Smedjebackens FK
- Full name: Smedjebackens Fotbollklubb
- Founded: 1977
- Ground: Herosvallen Smedjebacken Sweden
- Chairman: Roger Sjöberg
- League: Division 4 Dalarna
| Home colours |

= Smedjebackens FK =

Swedish football club

Smedjebackens FK is a Swedish football club located in Smedjebacken.

==Background==
Smedjebackens FK currently plays in Division 4 Dalarna which is the sixth tier of Swedish football. They play their home matches at the Herosvallen in Smedjebacken.
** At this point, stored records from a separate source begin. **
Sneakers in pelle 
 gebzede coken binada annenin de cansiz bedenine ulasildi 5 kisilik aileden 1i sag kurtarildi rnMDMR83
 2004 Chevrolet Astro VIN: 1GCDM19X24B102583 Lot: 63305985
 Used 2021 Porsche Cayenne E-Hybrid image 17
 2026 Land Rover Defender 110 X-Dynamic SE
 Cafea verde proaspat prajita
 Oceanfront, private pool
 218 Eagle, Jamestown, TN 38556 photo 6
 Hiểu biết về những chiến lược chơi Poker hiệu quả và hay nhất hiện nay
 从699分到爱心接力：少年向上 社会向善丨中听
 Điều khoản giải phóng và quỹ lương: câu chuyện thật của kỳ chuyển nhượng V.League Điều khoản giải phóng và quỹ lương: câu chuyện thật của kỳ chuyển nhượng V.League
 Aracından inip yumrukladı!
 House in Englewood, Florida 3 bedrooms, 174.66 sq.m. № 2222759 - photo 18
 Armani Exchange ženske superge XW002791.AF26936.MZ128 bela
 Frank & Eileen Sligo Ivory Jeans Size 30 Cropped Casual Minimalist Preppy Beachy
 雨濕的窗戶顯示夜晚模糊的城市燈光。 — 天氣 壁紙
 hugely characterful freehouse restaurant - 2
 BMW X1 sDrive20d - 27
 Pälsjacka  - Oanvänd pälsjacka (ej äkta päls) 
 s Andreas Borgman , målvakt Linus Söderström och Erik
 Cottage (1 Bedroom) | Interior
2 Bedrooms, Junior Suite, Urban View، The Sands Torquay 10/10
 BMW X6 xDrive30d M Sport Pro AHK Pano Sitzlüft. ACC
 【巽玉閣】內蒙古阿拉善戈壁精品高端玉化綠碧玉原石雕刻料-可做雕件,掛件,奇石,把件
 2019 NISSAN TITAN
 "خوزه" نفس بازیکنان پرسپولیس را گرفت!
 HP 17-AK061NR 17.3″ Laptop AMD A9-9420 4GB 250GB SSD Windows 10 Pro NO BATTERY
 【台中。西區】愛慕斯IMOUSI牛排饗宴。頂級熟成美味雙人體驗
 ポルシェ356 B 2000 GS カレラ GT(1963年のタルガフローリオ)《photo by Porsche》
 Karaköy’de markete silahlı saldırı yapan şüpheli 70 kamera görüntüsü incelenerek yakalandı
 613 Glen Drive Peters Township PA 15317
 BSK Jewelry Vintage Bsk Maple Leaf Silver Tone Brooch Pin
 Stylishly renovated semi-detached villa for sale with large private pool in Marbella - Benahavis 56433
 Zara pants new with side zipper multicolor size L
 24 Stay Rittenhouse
The club is affiliated to Dalarnas Fotbollförbund. Smedjebackens FK have competed in the Svenska Cupen on 10 occasions and have played 18 matches in the competition.

==Season to season==

| Season | Level | Division | Section | Position | Movements |
|---|---|---|---|---|---|
| 2006* | Tier 6 | Division 4 | Dalarna | 1st | Promoted |
| 2007 | Tier 5 | Division 3 | Södra Norrland | 9th | Relegation Playoffs – Relegated |
| 2008 | Tier 6 | Division 4 | Dalarna | 4th |  |
| 2009 | Tier 6 | Division 4 | Dalarna | 4th |  |
| 2010 | Tier 6 | Division 4 | Dalarna | 10th |  |
| 2011 | Tier 6 | Division 4 | Dalarna | 10th |  |

- League restructuring in 2006 resulted in a new division being created at Tier 3 and subsequent divisions dropping a level.